0

I am using the md5 function to hash a string into a 32 digit string.

str_to_encode = 'this is a test string which I want to encode'
encoded = hashlib.md5(str_to_encode).hexdigest() 

I want to be able to decode this string (i.e. encoded in the example above) back to its original value. I don't think this is possible using md5 (but if it is please let me know), but is there a compressionn function which I can use which will give me a 32 digit string at the end but which can be reverted?
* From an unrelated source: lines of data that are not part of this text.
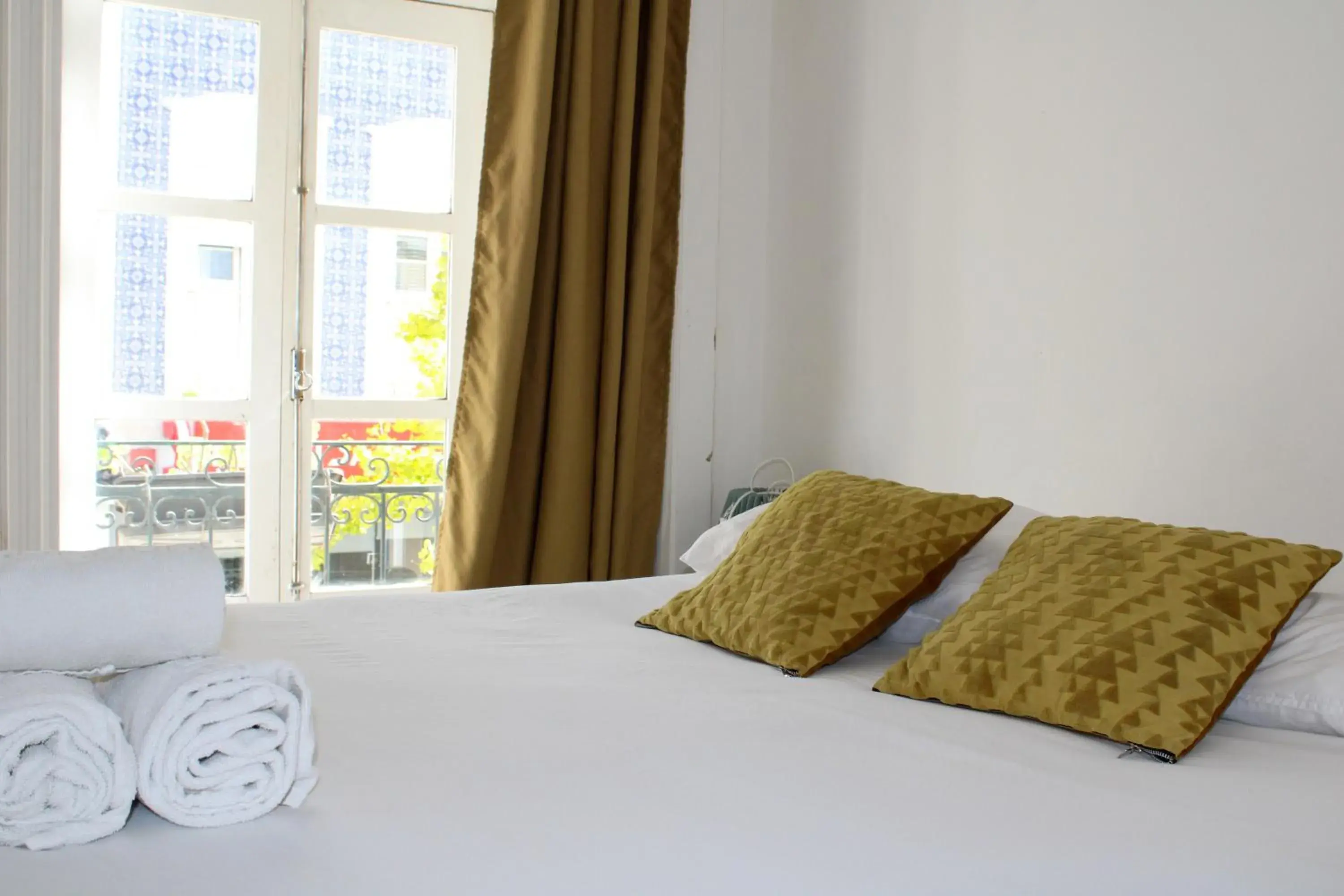 Bed in Urban City Bed in Urban City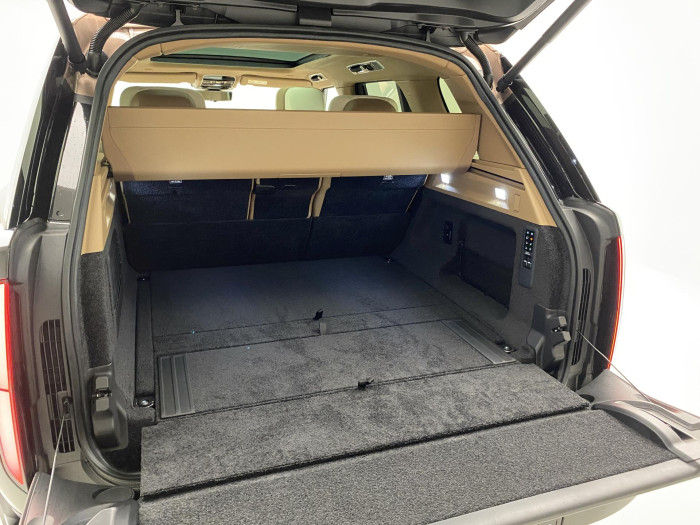 Land Rover Range Rover SV P615 SWB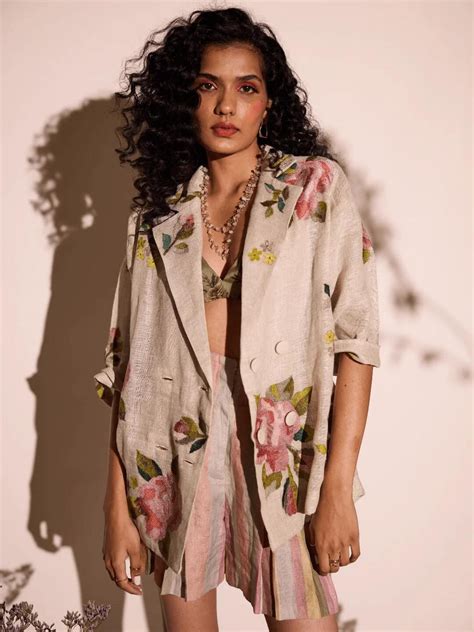 Half Full - Handcrafted Luxury Womenswear – Half Full Store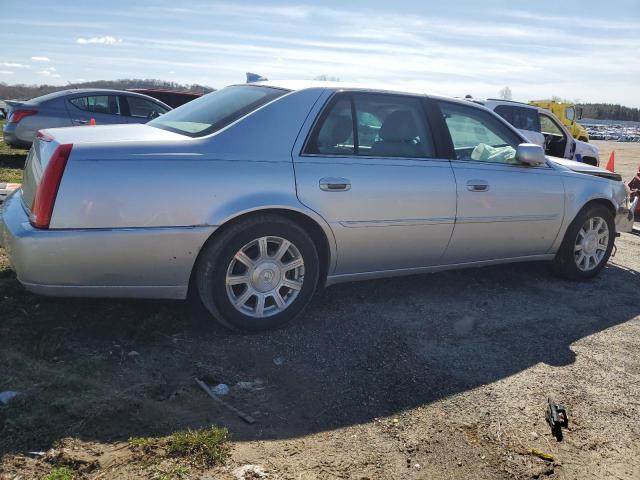 1G6KA5EY6AU125695 - 2010 CADILLAC DTS SILVER photo 3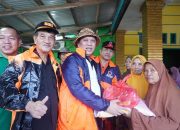 Ruksamin Serahkan Bantuan ke Warga Terdampak Banjir di Konut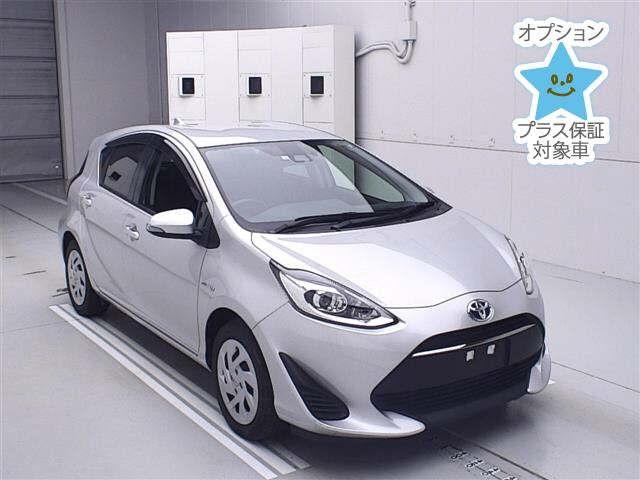 TOYOTA AQUA 2018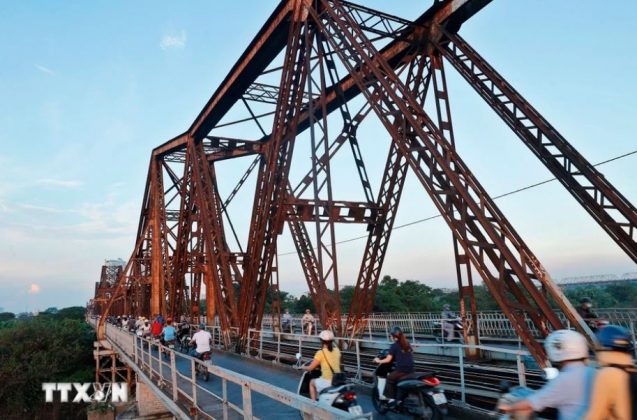 Chiều Thu tr&ecirc;n cầu Long Bi&ecirc;n. (Ảnh: Minh Quyết/TTXVN)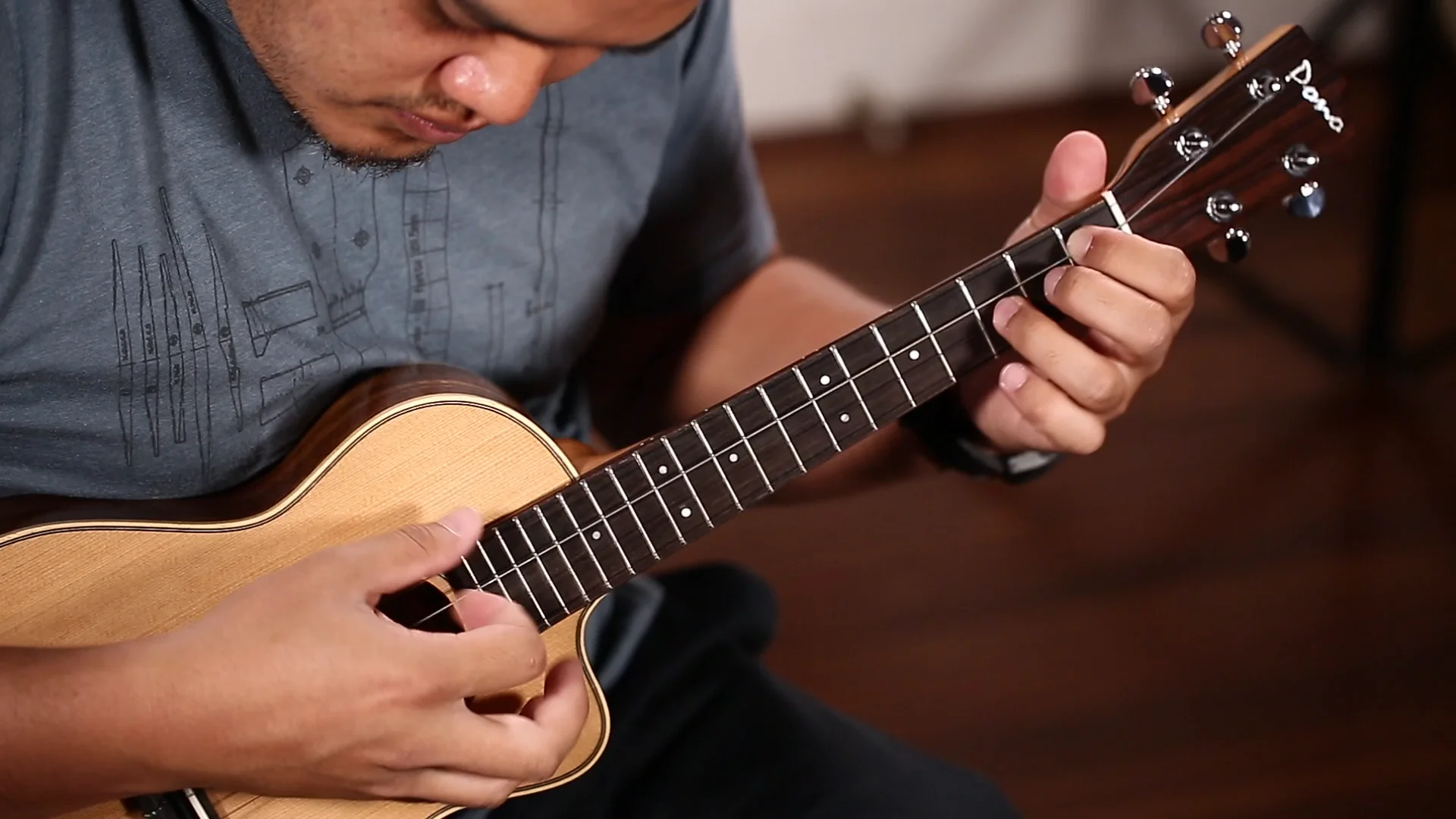 The Ukulele Site | Pono Cedar Top Acacia Cutaway Pro Classic Tenor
EDIT: The string being encoded is a url so will only be a couple of hundred characters max although in most cases it will be a lot less.

Thanks

John
  • 21,047
  • 43
  • 114
  • 155
  • 2
    What is going on? This is like the fourth person who's asked about "decoding md5" in the last day or so – Michael Mrozek Jun 28 '10 at 14:05
  • Ha, I'm not that interest in decoding it as I'm pretty certain that it can't be done. What I'm really interest in is a function which will encode a string into a 32 length string which can then be converted/decoded back into its original format. Originally I didn't need to decode it and just needed it to be 32 length and that's why I used md5 but I now need to decode it as well. – John Jun 28 '10 at 14:09
  • 2
    MD5 is a hashing function. It cannot be used to compress and decompress a string. – liviucmg Jun 28 '10 at 14:17
  • Why not store the mapping in a database or file, and forego compression altogether? – wump Jun 29 '10 at 15:21

2 Answers2

4

You seem to want two things that can't coexist:

  • Any string of any length is converted to exactly 32-bytes, even if it started as 4gb
  • The encoded string is decodable without loss of information

There's only so many bits in an MD5 hash, so by the pigeonhole principle it's impossible to reverse it. If it were reversible you could use a hash to compress information infinitely. Furthermore, irreversibility is the main point of a hash; they're intended to be one-way functions. Encryption algorithms are reversible, but require more bytes to store the ciphertext since decodability means they must be collision-free (two plaintexts can't encode to the same ciphertext, or the decode function wouldn't know which plaintext to output given that ciphertext)

Michael Mrozek
  • 169,610
  • 28
  • 168
  • 175
  • The sting is a url so will never be that long. I don't know what the max length for a url is but can't see it being more than a few hundred characters if that helps. – John Jun 28 '10 at 14:13
  • Even so, you're not going to fit a couple hundred characters in a 32 (byte) length string. A 32-character UTF-32 string, maybe. – Tim Pietzcker Jun 28 '10 at 14:16
  • @John Technically there [is no limit](http://stackoverflow.com/questions/417142/what-is-the-maximum-length-of-an-url), but practically insanely long URLs are rare. It sounds like you're looking for a compression algorithm then, rather than encryption or hashing -- is security a concern? I doubt there are any compression algorithms that are efficient enough, but I've not actually tried – Michael Mrozek Jun 28 '10 at 14:16
  • security is not a problem. Like you said a compression algorithm is what I'm after. I used encode as I wasn't sure the correct term to use. – John Jun 28 '10 at 14:20
4

It seems to me that you aren't looking for a hash or encryption, you are looking for compression. Try zlib and base64 encoding:

s = 'Hello, world'
encoded = zlib.compress(s).encode('base64')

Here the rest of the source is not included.